The paper introduces MobileODE, a novel and ultra-lightweight convolutional neural network (CNN) architecture designed to significantly reduce model size and computational cost while maintaining or improving accuracy. At its core, MobileODE revisits the standard depthwise-separable convolution architecture popularized by MobileNet, and replaces the pointwise (1×1) convolution — traditionally used for channel mixing — with a lightweight, learnable Channelwise ODE Solver (COS).

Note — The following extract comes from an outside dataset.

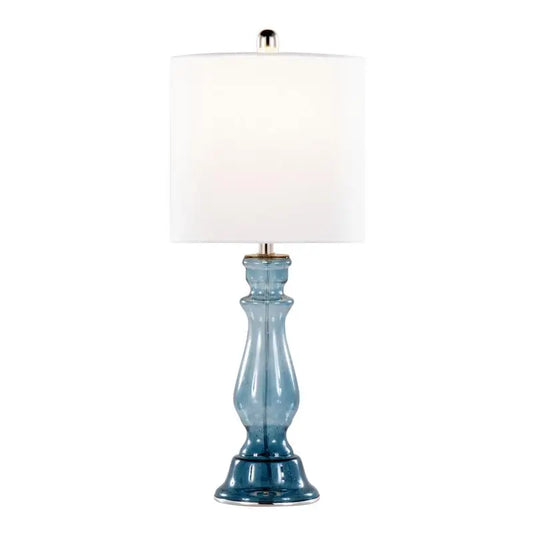 Contemporary 25" Glass Table Lamp, Set of 2, Clear Angel Blue Seeded Glass with White Linen Shades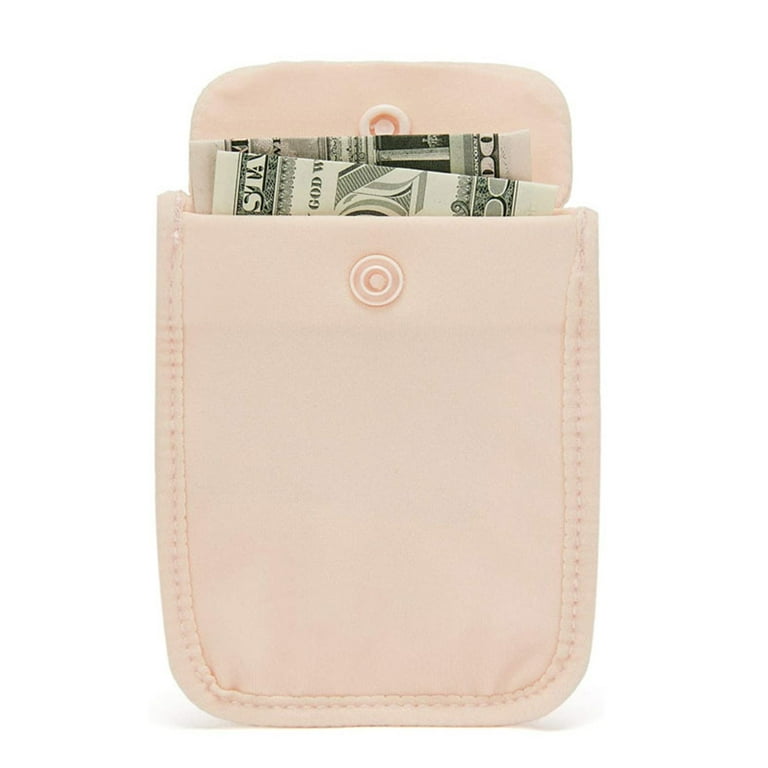 Women Coin Pouch Solid Color Hidden Bra Wallet Flap Clasp Travel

The COS module is built using a custom numerical solver called the Direct Differentiation Euler (DDE) algorithm. Unlike traditional discretization schemes that rely on fixed time steps, DDE introduces learnable time increments (∆t) that are optimized during training. This adaptive mechanism allows the model to fine-tune the temporal evolution of the feature transformations, enabling stronger inter-channel interactions with far fewer parameters. The result is a principled and trainable alternative to pointwise convolutions that operates at linear complexity with respect to the number of channels.
To showcase the versatility of the approach, the authors propose two variants:
MobileODEV1: Replaces pointwise convolutions in MobileNetV1-style blocks with the COS module, preserving the basic block structure.

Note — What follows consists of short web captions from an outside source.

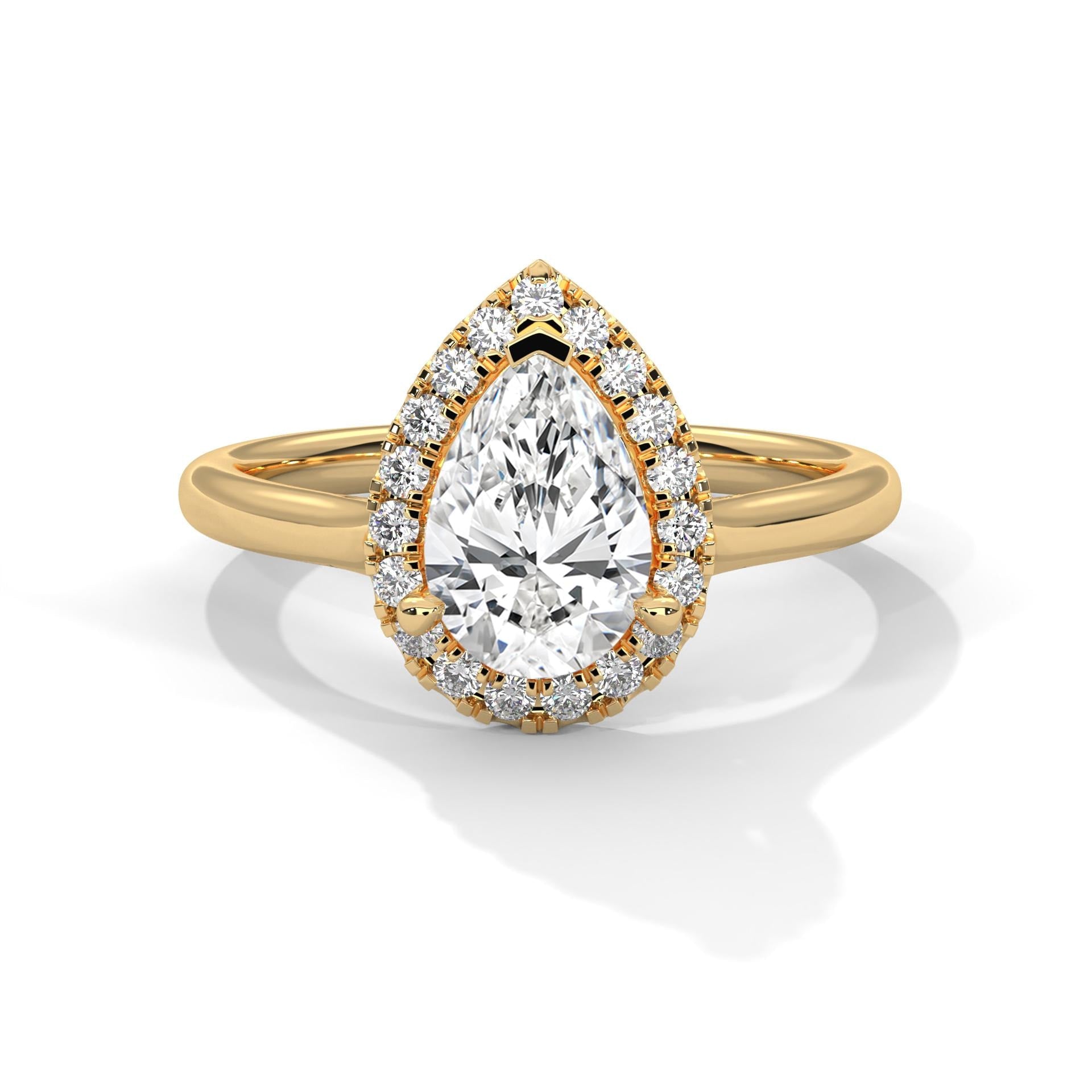 Pear Cut Moissanite Halo Ring, Sterling Silver, Art Deco Minimalist Engagement Ring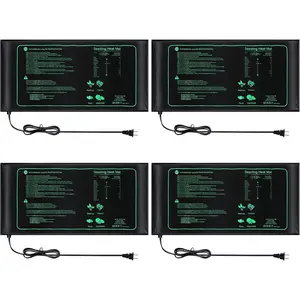 4 Pack Seedling Heat Mat Heating Mat for Seedlings Grow Mats  Hydroponic Heating Pad Heat  Heating Mat for Indoor  Grow Seed Starting Greenhouse(10" x 20.75")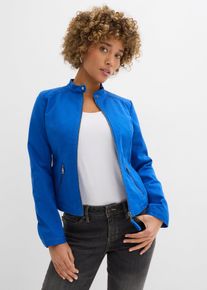 bonprix Jacke aus Baumwoll-Twill mit seitlichen Stretcheins&auml;tzen, blau, Gr.54, Vielseitig kombinierbare Biker-Jacke mit seitlichen Stretcheins&auml;tzen f&uuml;r mehr Bewegungsfreiheit, 98% Baumwolle
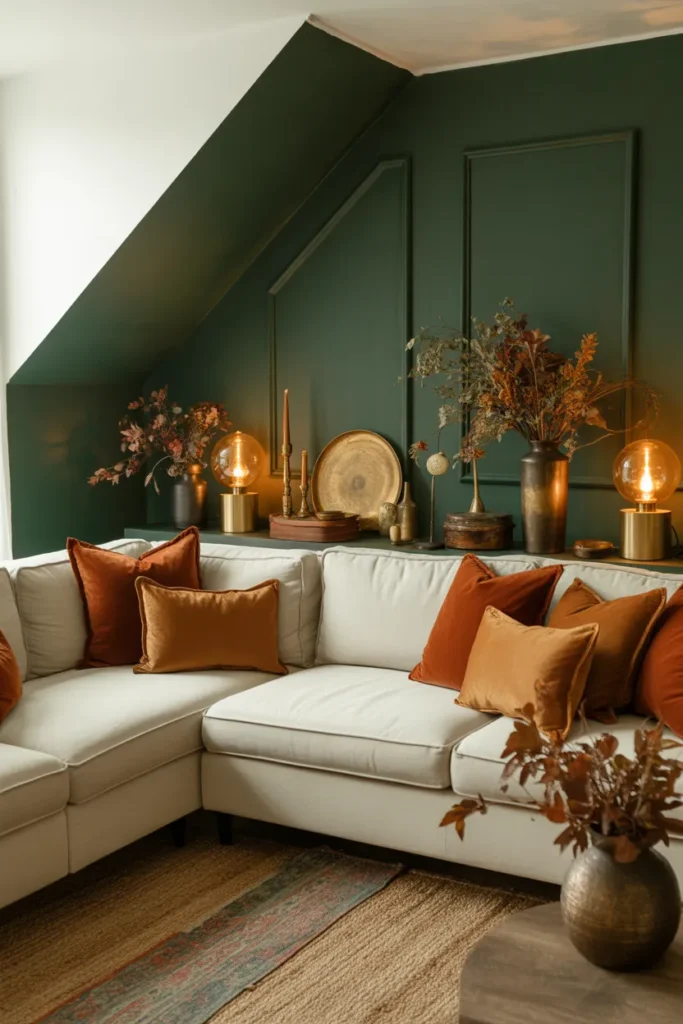 15-Deep Forest Green Fall Living Room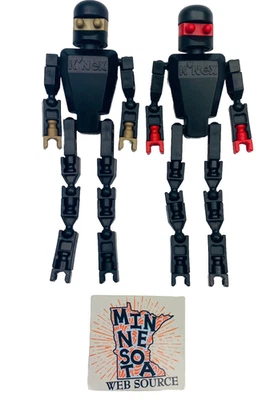 (2) K’NEX / Knex Action Figures – Gold & Red Robot People Men Parts - Image 1 of 2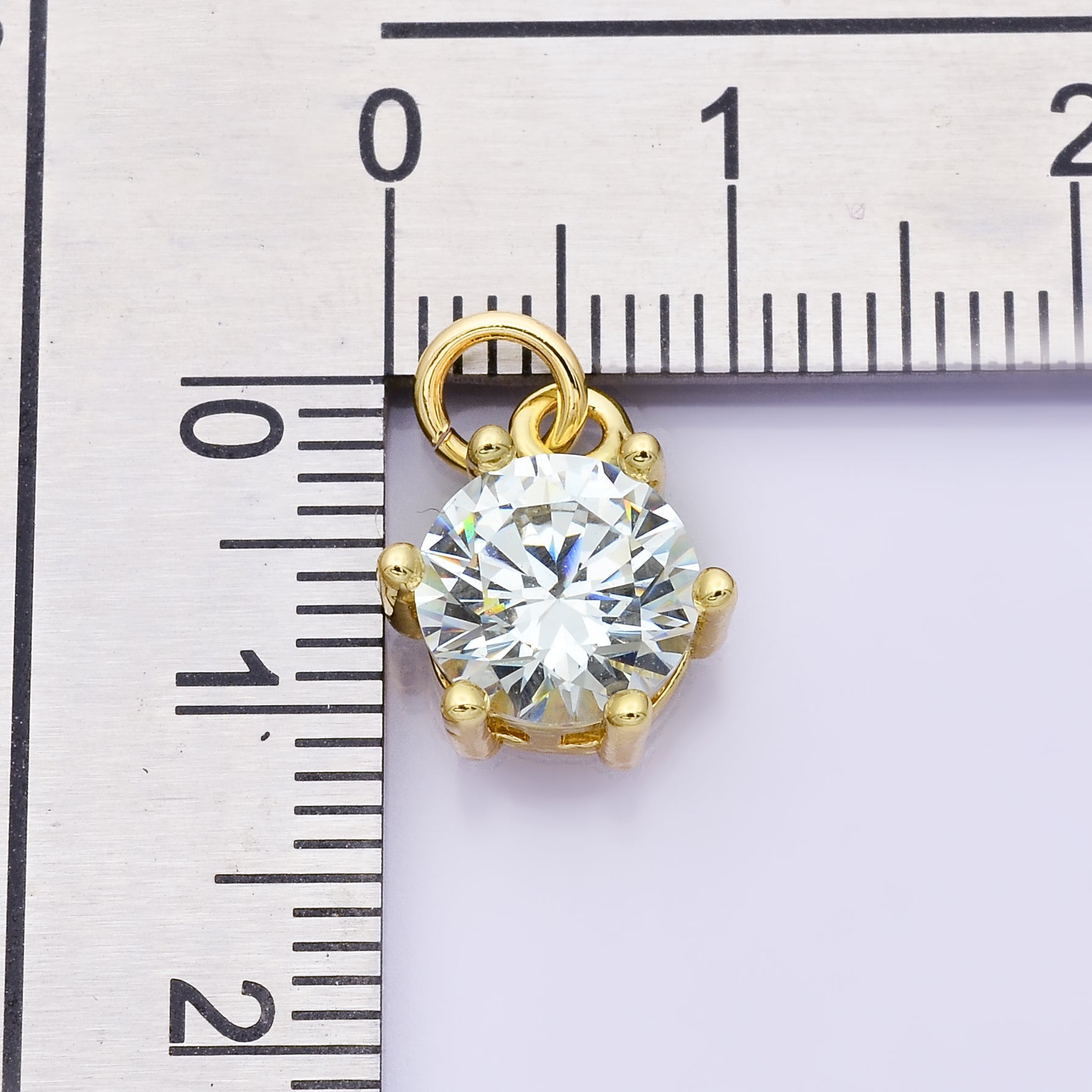 24K Gold Filled 12mm CZ Round Hexagon Prongs Personalized Charm | Charms-00173 ~ Charms-00182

MobileODEV2: Introduces the COS-inv block, inspired by MobileNetV2's inverted residual bottlenecks, and strategically applies COS before and after depthwise convolutions to enhance non-linear capacity and channel expressiveness.

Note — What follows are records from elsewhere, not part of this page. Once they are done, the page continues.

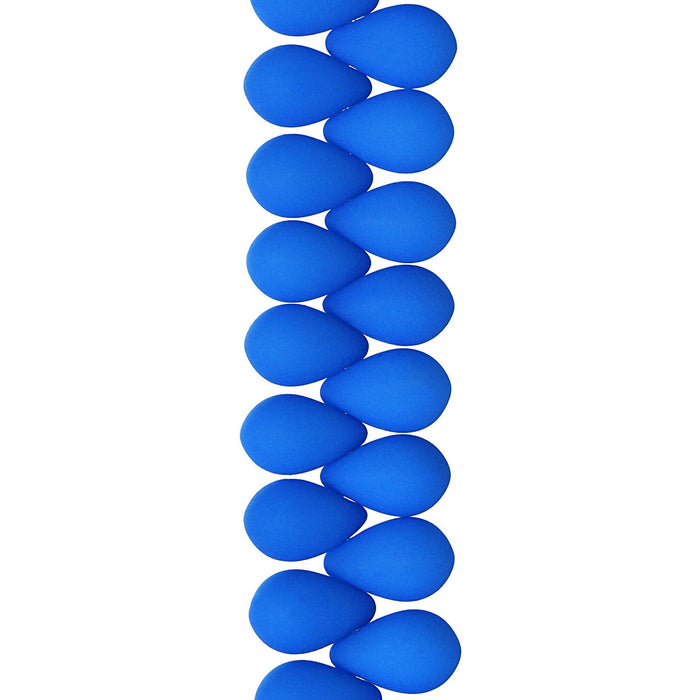 PRECIOSA Czech Glass Drop Bead Strand 6x9mm, Velvet Turquoise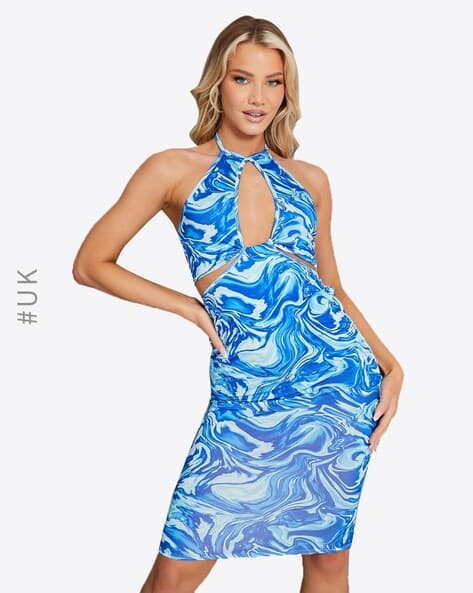blue teal hoco dress Plus Size Embellished Cutout Bodycon Dress, Caribbean Sea, 26/28 main image 0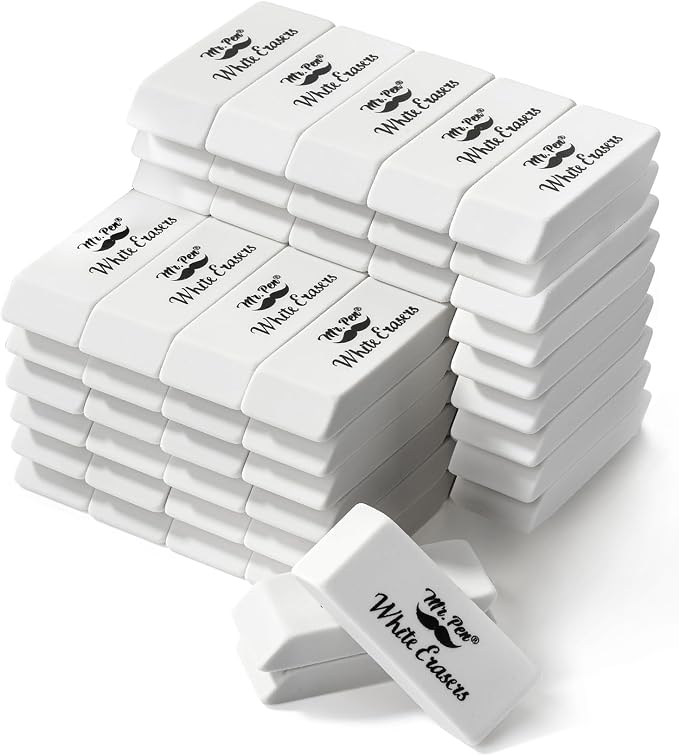 Mr. Pen- White Pencil Eraser, 72 Pack | Large Latex Free Block Erasers Bulk by MrPen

The proposed models are evaluated across a diverse set of computer vision tasks, including image classification, semantic segmentation, and object detection, using datasets such as CIFAR-10/100, ImageNet-R, Tiny ImageNet, ADE20K, and PASCAL VOC. Experimental results show that MobileODEV1 and MobileODEV2 consistently outperform or match their MobileNet counterparts while achieving a ~70% reduction in parameters for channel interactions. Moreover, when paired with lightweight self-attention blocks (e.g., MobileViT), the models achieve state-of-the-art accuracy under strict efficiency constraints, all with lower inference latency and memory usage.
优缺点分析
** Strengths
-
Novel Architectural Contribution The paper proposes a new module, Channelwise ODE Solver (COS), which replaces traditional pointwise convolutions in depthwise-separable CNNs. COS is implemented via a novel Direct Differentiation Euler (DDE) algorithm, enabling learnable and adaptive time steps (∆t) during training. This introduces a principled, lightweight mechanism for inter-channel communication with strong theoretical and empirical justification.
-
Significant Parameter Reduction For MobileODEV1 and MobileODEV2, the method reduces total channelwise parameters by 71.0% and 69.2%, respectively — a notable compression rate that doesn’t sacrifice accuracy.
-
Strong and Diverse Empirical Results Image classification (CIFAR-10/100, ImageNet-R, Tiny ImageNet) Semantic segmentation (PASCAL VOC 2012, ADE20K) Object detection (BUSI, FFE)
Results hold across both general-purpose datasets and challenging domain-specific benchmarks, reinforcing the generalizability of the approach.
** Weaknesses
- No Evaluation on Full ImageNet-1k. The model is tested on ImageNet-R and Tiny ImageNet, but not on standard ImageNet-1k, which is the primary benchmark for mobile models. This makes it difficult to judge scalability and robustness on high-resolution, real-world tasks.
- Limited Comparison to Competing ODE Frameworks. The authors briefly contrast COS with standard ODE solvers (e.g., Runge-Kutta) in latency/FLOP terms, but do not compare to existing ODE-inspired architectures like Neural ODEs, NODE-ResNets, or recent state-space models.
- Scalability Constraints of COS. The paper notes that COS involves sequential computation across L discrete layers, which limits parallelism and may hinder scalability.
问题
** Typos & Formatting Issues
- Algorithm 1 has a typo 'Reture' instead of Return.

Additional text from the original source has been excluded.